(1.) THE question which arises in this reference is whether the contract sought to be assessed by the revenue was a contract of sale of goods or for work and labour.
(2.) THE applicants carry on business as builders of bodies of trucks and of repairing cars and other vehicles. On 7th August, 1962, they entered into a contract with Messrs Patel Maraman Bhaya and Mohanlal and Co. of Keshod, whereby they undertook to construct the body of a truck belonging to the said firm. THE contract set out the various specification "for building the body of the truck on W.B. (i.e., wheel base)". THEse specifications inter alia provided the size of the body, its length, width and height, and the materials of which the floor thereof was to be made, the manner in which nuts and bolts had to be affixed as also the central pillar, which was to be a folding one, the number of hooks to be affixed and for a cabin with two full size doors for the driver. THE contract then states that a lump sum of Rs. 3,021 was to be paid for the work. THE contract also contained the following term which the parties added in ink to the printed terms, namely, "THE body is to be prepared and delivered on or before 25th August, 1962." It also provided that over and above the said sum of Rs. 3,021, it was the customer who had to pay for the "chanda" (mirror) and charges for painting, presumably such things as "public carrier" etc. On 31st August, 1962, the assessees prepared two bills, one for the amount of Rs. 1,900 in respect of the materials used for building the body and another for Rs. 1,245, being labour charges.
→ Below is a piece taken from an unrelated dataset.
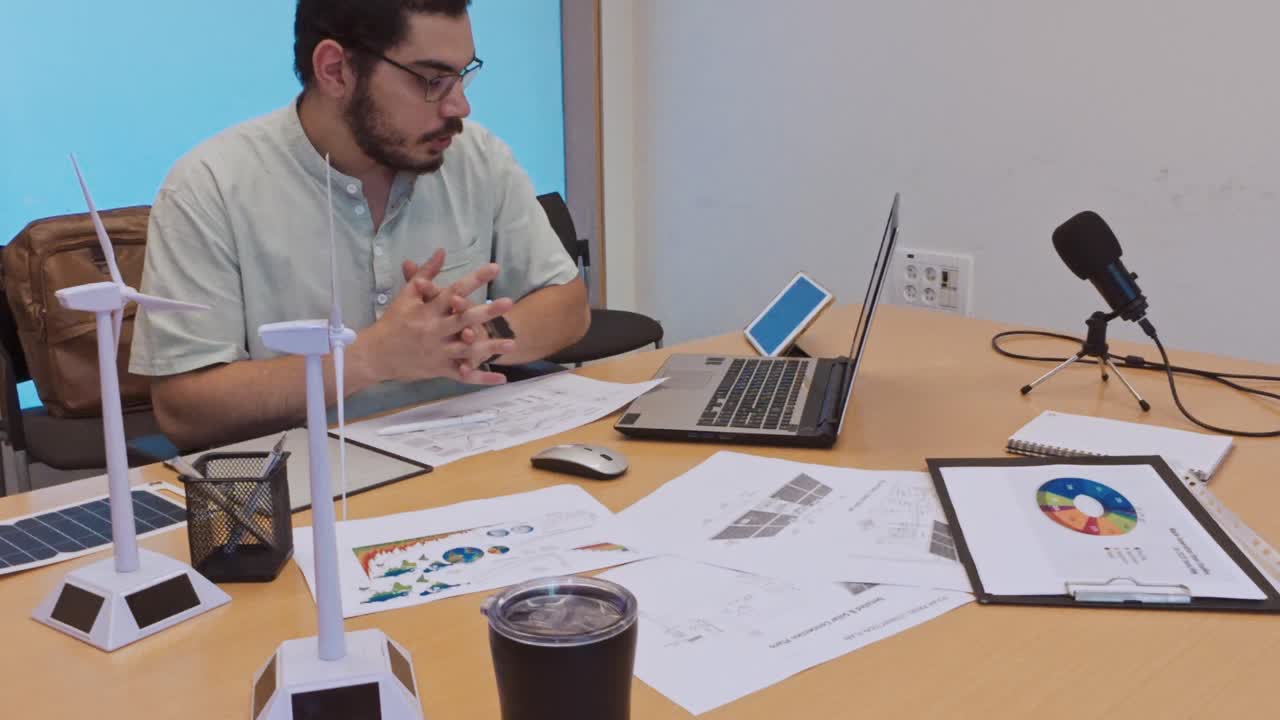Man working on renewable energy project plans in an office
(3.) MR. Nanavati who appears for the applicants placed two contentions before us, (1) that on a true interpretation of the contract embodied in the specifications dated 7th August, 1962, the contract was one for work and labour and not for the sale of the body of the truck, and (2) in the alternative, that it was composite contract, one for materials sold and the other for work and labour and, therefore, the amount received for work and labour was in any event not taxable. MR. Nanavati argued that the Tribunal was in error in interpreting the contract as one of sale of the body of the truck, for the agreement however stated that the entire body was to be delivered and that on the delivery of the truck, the price was to be paid. The contract, therefore, was for the construction and not for the sale of the body. MR. Nanavati went further and argued that no sooner a plank, nut or a part was affixed, the property in that material would pass to the customer. If such material was destroyed before the body was completed, the customer would ordinarily have to be bear the loss, but that consequence was saved in the instant case because the customer was to pay a lump sum for the entire work and the applicants therefore could not demand the price or part of the price before the work was finished and the body was completed and delivered. On the order hand, the learned Assistant Government Pleader contended that the contract was clearly a contract of sale of the body, that the contract indicated clearly that it was upon the completion of the body and its delivery that the customer would be liable to pay the aforesaid amount of Rs. 3,021, and that it was only when delivery of the completed body was made that the property in it would pass to the customer.